The design duo unveiled their first-ever home collection in February in a way that’s entirely befitting their glamorous style: on the runway at New York Fashion Week, in conjunction with their newest fashion collection. Alongside the sartorial splendor of metallic accents, 1940s details, romantic flounces and luxe fabrics — plus a new sportswear line (think velvet sweatsuits, loungy pants and bedecked, slip-on sneakers) — there were some of the stars of the home line, maybe, possibly, stealing the show.
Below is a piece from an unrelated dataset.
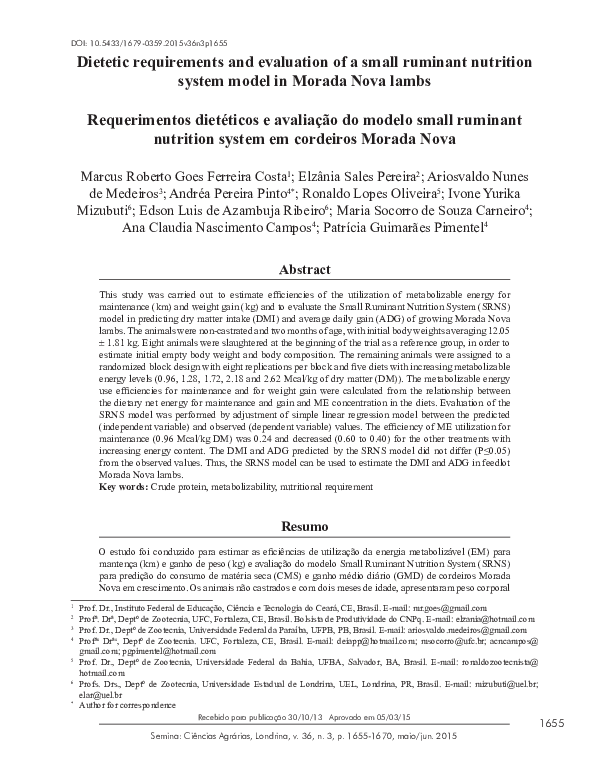 (PDF) Dietetic requirements and evaluation of a small ruminant ...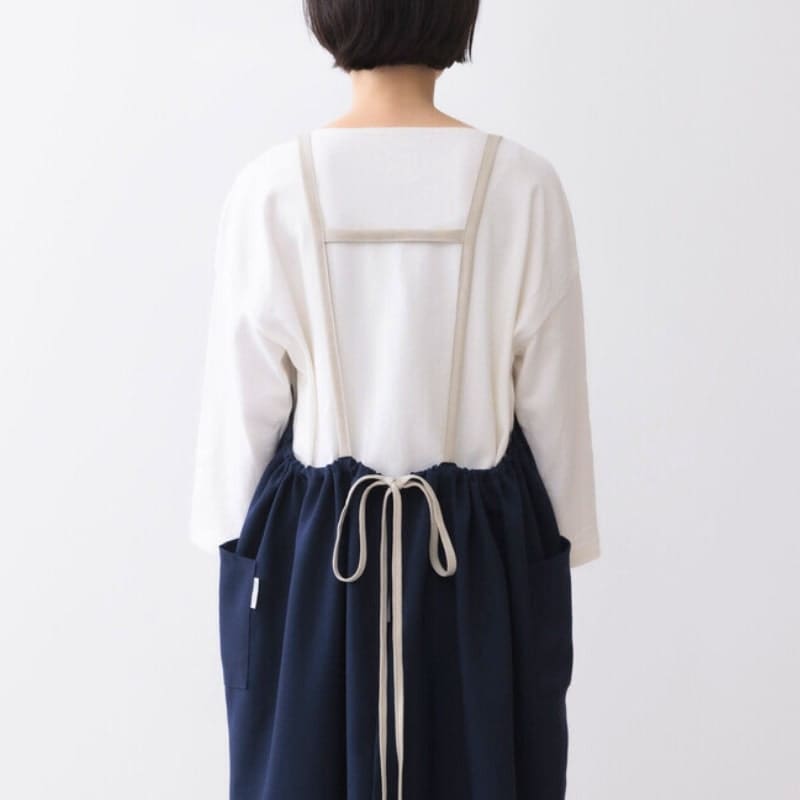 Japanische Schürze Lang Marineblau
After all, it can be challenging to ignore a sexy velvet sofa and a curvy tufted settee, even without impeccably dressed models strutting by them — especially when they were designed to be both “sensual” and “timeless,” in the words of Badgley.
“We used a lot of fabrics that were reminiscent of those we are using in the couture collection,” Mischka said, during a sneak peek of the home collection in February. “Our [fashion] collection is done with a lot of hand-beading and very intricate work on the couture gowns. And this collection also has handwork on it. All the finishes are distressed by hand. It’s extremely labor intensive, which is very much like our couture gowns.”
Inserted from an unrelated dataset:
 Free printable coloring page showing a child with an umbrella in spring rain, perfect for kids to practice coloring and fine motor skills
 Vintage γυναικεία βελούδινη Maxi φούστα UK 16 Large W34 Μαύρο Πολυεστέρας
The full collection, offering upholstered items, case goods, accent furniture and decorative accessories, among other items, is available online at badgleymischka.com.
Setting the expectation
Ever-increasing numbers of couturiers are expressing their design philosophy through this avenue today, setting the expectation for the couture connoisseur, for whom designer home collections represent an irresistible opportunity to drape more than just their custom closet shelving.
“To adorn your surroundings as beautifully as you do yourself is really a natural expression of style. Incorporating fabrics and accessories from these famed fashion houses such as Fendi, Ralph Lauren, Hermès and Missoni, for instance, is a wonderful way to articulate the continuation of a point of view on style in the home,” says Jaimal Odedra, fashion industry insider turned Maison Gerard-represented, internationally renowned designer of bronze objets d’art. “It allows someone to bring what’s on trend in fashion into the home, whether it’s in a small or large way.”
Lovers of fine fashion and interiors can celebrate what Ralph Lauren calls “Classic Hollywood glamour meets the rustic elegance of Mediterranean-inspired style” at home with its spring 2017 collection. Called Mulholland Drive, it includes everything from chinoiserie secretaries to wood and iron console tables to plush, down-filled sofas. Those who adore the iconic Missoni zigzag can use it to dress their throw pillows, couch, dining chairs, bedding or pretty much anything that can be upholstered or draped. Fendi Casa’s latest offerings tap into the world-traveler mystique with collections inspired by Lake Como, Monte Carlo, Morocco and New York. At Armani/Casa, everything from handmade rugs, to textiles and wallcoverings, to custom-finished dining room tables and limited-edition brushed-steel writing desks finished with 24-karat gold can be purchased.
Dior took a different route with its newest foray into home design last year. Instead of a “traditional” couture home collection, Dior introduced Dior MAISON, a new House of Dior boutique on London’s tony Bond Street. Initial offerings included crystal glassware from Jeremy Maxwell and hand-embroidered linens from Véronique Taittinger. They are designed to stand up to “the same level of refinement with which Christian Dior decorated his residences in Paris, Milly-la-Forêt and La Colle Noire in Provence,” according to Dior MAG. The boutique intends to continue the collaborative play, with new artists and designers creating limited-edition pieces for consumers who know that when it comes to high-end home design, it’s all in the name.